The movie was made fairly competently, apart from the audio which was terrible - it had that obnoxious quality of being way too quiet to hear the dialogue but also way too loud during the action bits to turn it up. The first fifteen minutes or so of the movie were well shot and aesthetically pleasing.
Unfortunately, this is also a POV movie, intentionally shot to look like a video game. Remember how in last week's review I said that doing first person shooter scenes in a movie is fucking tacky but excusable if the movie is based on a video game? This movie isn't. This is just a movie made by some dude who plays a lot of video games and thought "hey, what if I shot a movie in the first person, that's never been done before".

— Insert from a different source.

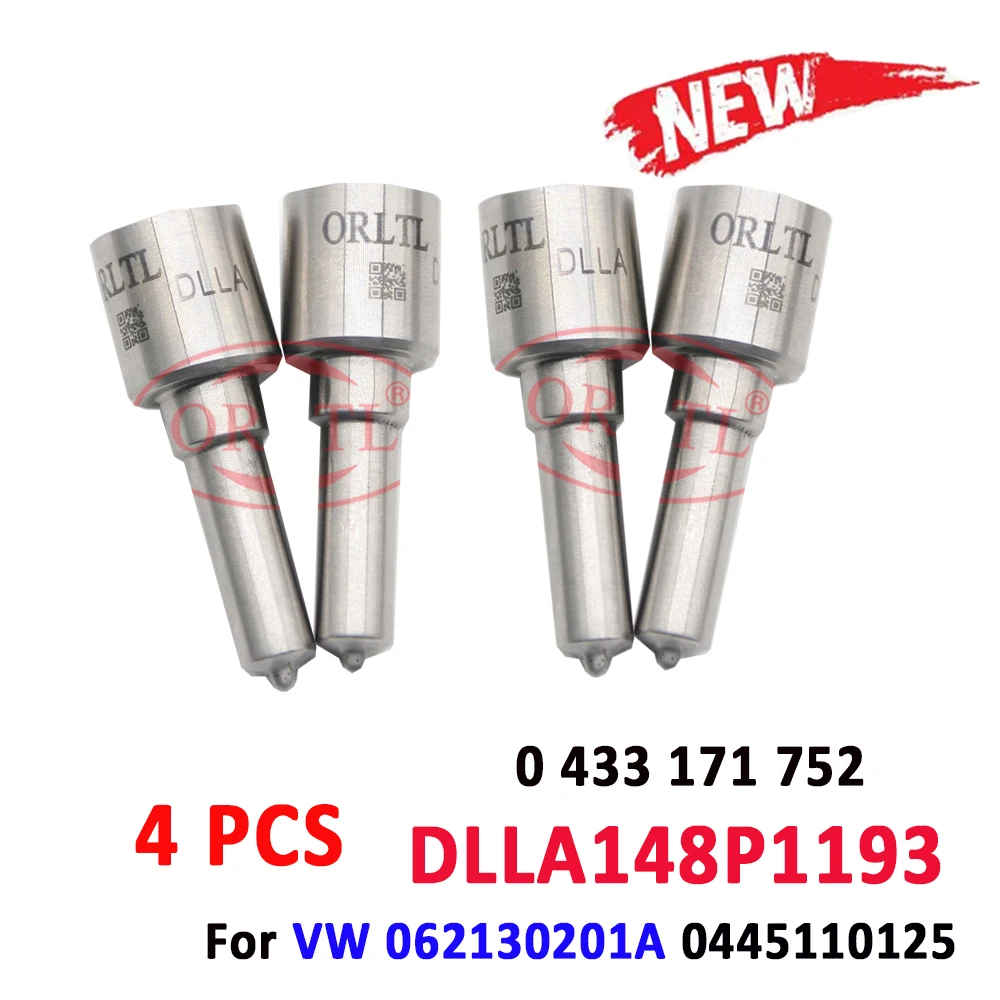 

ORLTL 4 шт. DLLA148P1193 форсунка дизельного инжектора DLLA 148 P 1193 OEM 0 433 171 752 для VW 062130201A 0445110125 0 445 110 125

So in the interest of making a movie revolving around a stupid gimmick, they sacrificed clarity and made one more shaky, incomprehensible mess (see also: Clovervield, Diary of the Dead, Rec, Quarantine, and so on). The really frustrating thing about it was that it didn't even commit to the first person narrative. The movie jumps between first and third person indiscriminately, which completely defeats the purpose of making the fucking thing first person anyway. Seriously, though, why would anybody make a movie where the action scenes are shot in first person so it's impossible to tell what's going on, but large chunks of the other scenes aren't. Like what the fuck are you doing and why. I don't understand.
Anywho, this movie isn't terrible. It explores some less traveled territory but it doesn't break any new ground. If you're bored and cruising Netflix and not completely sick of zombie movies and/or POV movies, it will occupy ninety minutes of your time. It's definitely not worth going out of your way to see though.